Is there a roadmap / plan for "the right way" to generate files during a build?

Hi all,

I’ve been trying to google and research the best / possible ways of generating code from build.zig which is then used in a later build step. My practical use case is porting a C/C++ project where cmake runs a bash script which generates some files which are then included from one of the .cpp files.

From what I can tell the preferred way to do this in zig is building a small zig program and running that as a build step via something like addRunArtifact() and hooking the inputs and outputs into the build system via addOutputFileArg() / addOutputFileArg. (docs). Doing this seems to require you to pass all input files and and all output files as command line arguments to the executable, which I imagine can become impractical if you’re dealing with a lot of files. Alternatively you need to spawn this executable many times, once per input+output, which also seems not nice.
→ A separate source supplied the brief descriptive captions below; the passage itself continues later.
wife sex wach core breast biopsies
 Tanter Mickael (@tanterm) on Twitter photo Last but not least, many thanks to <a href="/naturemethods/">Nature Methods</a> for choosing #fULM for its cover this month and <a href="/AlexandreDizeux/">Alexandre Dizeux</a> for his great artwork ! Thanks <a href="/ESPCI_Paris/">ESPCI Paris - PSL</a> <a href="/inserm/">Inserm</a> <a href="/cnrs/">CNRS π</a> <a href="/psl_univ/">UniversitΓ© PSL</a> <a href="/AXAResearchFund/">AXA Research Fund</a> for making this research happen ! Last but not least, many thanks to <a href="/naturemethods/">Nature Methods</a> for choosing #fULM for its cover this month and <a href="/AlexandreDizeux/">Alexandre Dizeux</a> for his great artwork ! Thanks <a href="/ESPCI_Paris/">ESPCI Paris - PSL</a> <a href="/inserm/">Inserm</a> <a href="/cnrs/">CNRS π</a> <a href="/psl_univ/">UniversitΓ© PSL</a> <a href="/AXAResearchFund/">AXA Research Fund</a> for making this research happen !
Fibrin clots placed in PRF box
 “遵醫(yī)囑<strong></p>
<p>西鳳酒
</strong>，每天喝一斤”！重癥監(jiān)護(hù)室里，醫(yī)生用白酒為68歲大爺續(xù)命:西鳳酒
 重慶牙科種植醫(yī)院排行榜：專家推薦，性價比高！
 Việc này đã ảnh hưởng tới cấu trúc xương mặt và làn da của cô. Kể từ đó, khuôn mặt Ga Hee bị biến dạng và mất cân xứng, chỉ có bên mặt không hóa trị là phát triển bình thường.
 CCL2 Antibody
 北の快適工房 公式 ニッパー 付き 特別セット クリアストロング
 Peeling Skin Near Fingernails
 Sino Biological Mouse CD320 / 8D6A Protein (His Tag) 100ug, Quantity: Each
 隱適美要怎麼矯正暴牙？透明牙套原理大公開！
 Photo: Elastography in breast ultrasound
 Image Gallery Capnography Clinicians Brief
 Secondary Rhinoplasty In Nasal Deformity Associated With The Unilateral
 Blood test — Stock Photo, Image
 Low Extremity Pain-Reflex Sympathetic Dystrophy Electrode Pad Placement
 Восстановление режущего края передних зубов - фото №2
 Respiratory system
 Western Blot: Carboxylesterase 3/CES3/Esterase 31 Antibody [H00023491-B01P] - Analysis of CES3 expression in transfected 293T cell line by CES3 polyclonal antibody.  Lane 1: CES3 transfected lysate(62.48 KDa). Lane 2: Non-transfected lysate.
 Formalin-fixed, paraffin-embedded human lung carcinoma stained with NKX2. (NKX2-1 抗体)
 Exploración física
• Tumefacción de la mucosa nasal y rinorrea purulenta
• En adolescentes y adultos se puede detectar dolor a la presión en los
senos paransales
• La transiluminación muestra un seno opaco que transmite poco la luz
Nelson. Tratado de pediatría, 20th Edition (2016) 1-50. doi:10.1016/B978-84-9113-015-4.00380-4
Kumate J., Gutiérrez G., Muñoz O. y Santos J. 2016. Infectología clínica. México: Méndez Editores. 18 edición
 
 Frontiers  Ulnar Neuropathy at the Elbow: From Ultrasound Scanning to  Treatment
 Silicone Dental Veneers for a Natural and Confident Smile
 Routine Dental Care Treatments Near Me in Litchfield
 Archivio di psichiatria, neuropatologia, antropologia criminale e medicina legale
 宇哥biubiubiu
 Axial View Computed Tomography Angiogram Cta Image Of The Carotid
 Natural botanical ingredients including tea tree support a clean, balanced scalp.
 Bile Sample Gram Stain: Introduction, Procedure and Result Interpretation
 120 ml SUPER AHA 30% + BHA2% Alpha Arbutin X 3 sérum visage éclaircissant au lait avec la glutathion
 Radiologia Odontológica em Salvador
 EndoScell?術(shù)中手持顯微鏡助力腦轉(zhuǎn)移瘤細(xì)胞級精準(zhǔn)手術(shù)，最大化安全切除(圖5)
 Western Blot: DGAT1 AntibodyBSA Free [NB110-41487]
However, to me it seems a lot less complex and wasteful to simply run a zig function instead of running an executable (potentially lots of times) only to generate a few strings and write a few files. It seems like a bunch of people are creating steps using a custom makeFn function, but if you do that then it seems like it’d be a bunch of work to integrate your custom makeFn into the caching system such that the function is not rerun unecessarily, input files are watched etc. It works, but this kind of custom build step seems to always run, regardless of whether the input files have changed or not. The input files also are not considered by --watch by default.

Various posts like this one from @castholm indicate that the makeFn approach will be made impossible at some point.

There are others like @floooh who have asked for a function-based ways of creating generation steps.

tldr; I guess the thing I’m asking is

  • is it decided that custom makeFn based steps will be deprecated
  • and/or whether there should be a nice API to run a zig function with inputs and outputs instead of spawning executables for file/code generation and a general RFC

Am I overthinking this? Is worrying about executing extra scripts instead of running functions premature optimisation?

pointing out, you can pass input and output directories too.

1 Like

Yeah, having to write a cmdline tool just for code generation is kind of the worst case and should only be needed when nothing else works.

There’s the boilerplate of cmdline arg parsing (and those args are not typesafe because they need to go through a string conversion), for more complex input args the build.zig may need to write a JSON file which then also needs to be parsed. Other input files may also need to be written, but the content of those files may only be available as the result of other build steps etc etc etc…

IMHO it would be better if the entire build system would be built around the idea of ‘function DAG nodes’, e.g. a node in the build graph is essentially a function pointer, a way to pass input/output args between such nodes, and to connect nodes into a dependency graph, where outputs of depdendency nodes flow into inputs towards the root node.

E.g. each DAG node has:

  • a list of typed inputs
  • a list of typed outputs
  • an (ideally pure and async) function which turns the inputs into outputs
  • a way to connect node outputs to node inputs

Everything else (e.g. the current ‘build steps’) would be built on top of this fundamental ‘function node’, but (and that’s the important part) build.zigs may also ‘derive’ their own node types and hook them into the build system.

The code in those functions must be properly ‘isolated’ so that they can be scheduled in parallel.

Such a system might actually be a nice proof-of-concept of the new IO system :wink:

Bonus points for allowing to inspect the build graph for visualizations.

2 Likes

I wonder if it’s possible to use std.zon.Serializer to generate a ZON file at build time, then import that as a pseudo-namespace.
I’ve never tried any kind of build-time codegen, but in my mind if that’s possible it’d be the easiest/nicest way to do it.

2 Likes